Il terrorismo si è preso beffa di tutte le misure di sicurezza dopo la prima avvisaglia dell’attentato alla redazione di Charlie Hebdo dello scorso gennaio. I terroristi del 13 novembre non hanno colpito le istituzioni, ma direttamente la libertà di tutta la comunità nei luoghi che rappresentano la quotidianità di ciascuno: lo spalto di uno stadio, la sala di un concerto, un ristorante.
E’ uno dei momenti più bui della Quinta Repubblica Francese e il più oscuro della traballante presidenza di François Hollande.
L’ISIS ha scavato con un bagno di sangue il Ground Zero europeo nel cuore di Parigi. L’Europa abbassa il capo ferita e nelle ultime 50 ore ha preso coscienza di avere il suo 11 settembre. La paura ha abbassato i livelli di sicurezza emotiva, non la sentiamo più neanche nei nostri bunker a forma di casa. Il pericolo lo corriamo tutti.
Lo sciacallaggio mediatico ha mostrato che in Italia basta poco per essere sconci: il titolo di un quotidiano fuori posto, la bega politica nel cortiletto televisivo o l’intervista insensata.

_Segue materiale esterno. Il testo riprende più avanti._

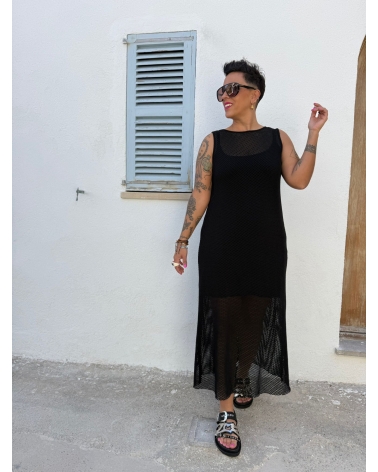 Vestido Red negro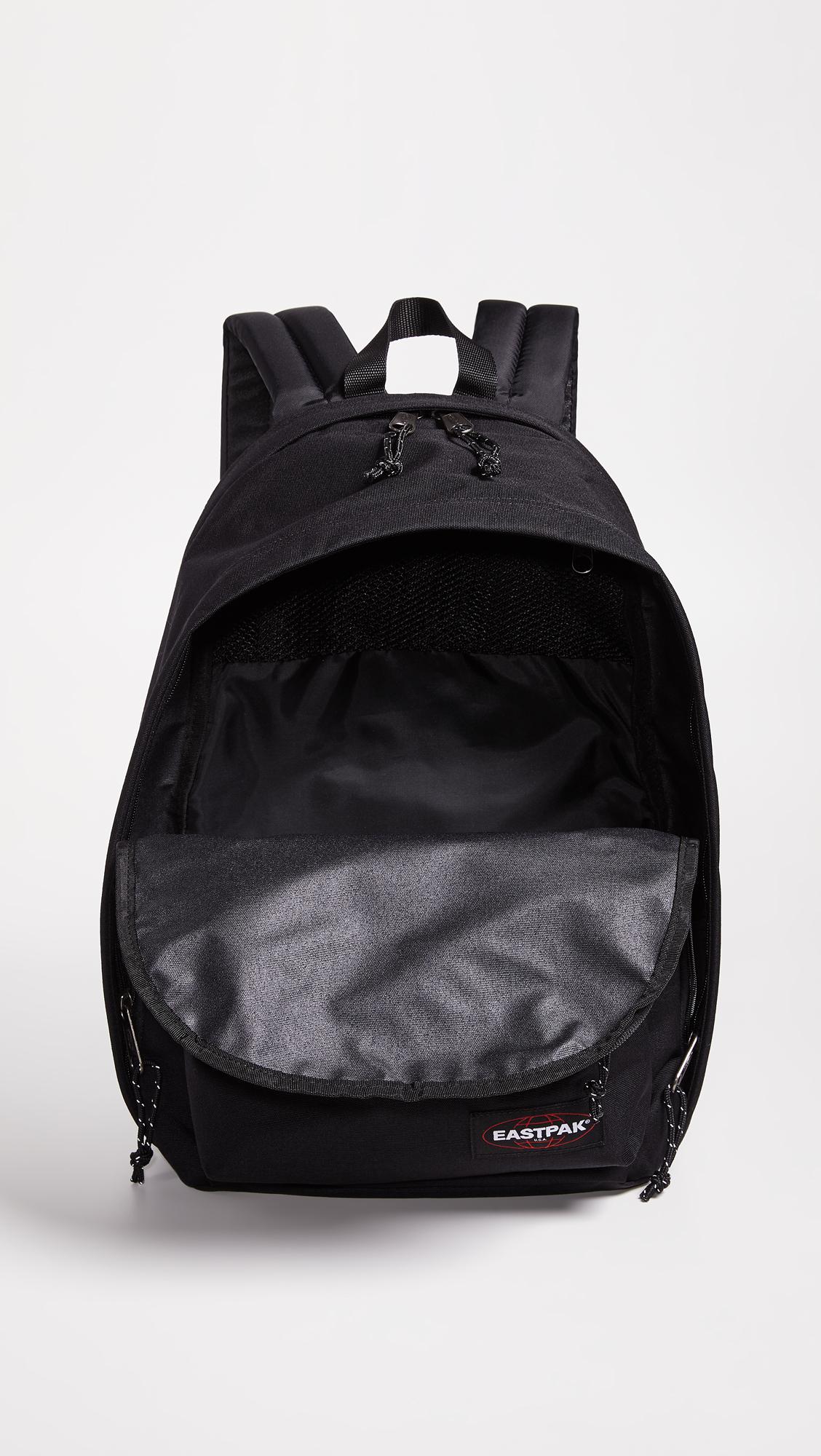 eastpak back to work black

I social network, che in questo weekend infernale hanno dimostrato per l’ennesima volta di essere bacino spontaeno di pubblica utilità, hanno supportato le famiglie delle vittime e dei dispersi attraverso l’hashtag su Twitter #RechercheParis.
Parigi non sarà più la stessa così come tutta l’Europa. Non è più tempo di crociate, di guerre mondiali e forse neanche delle guerre intelligenti, spiegate negli anni ’90 da Rossella Savarese in un saggio su cui mi sono formato. E’ tempo di affrontare con coscienza e senza l’istinto vendicativo o guerrafondaio la sordità dell’odio, quello che Kassovitz spiffera nelle sequenze dell’indimenticabile film La Haine.
In queste ore di fermo emotivo e silenzio si legittimano le riflessioni: i ricordi personali, che legano ciascuno di noi alla Parigi ferita, torneranno ad illuminare la Torre Eiffel, al buio prima della mezzanotte nelle ore del terrore sulla coda del 13 novembre.
Restituiremo a Parigi, attraverso la gratitudine e la riconoscenza di viaggiatori, anima e serenità, recuperati dal perimetro di un selfie, di uno scatto qualunque, di un momento speciale condiviso.
Vogliamo che la Torre Eiffel non sia ricordata come un ammasso di ferraglia spettrale, perché Parigi non resti un lager, ma una terrazza da cui guardare il futuro della memoria di essere europei nella gioia e nel dolore.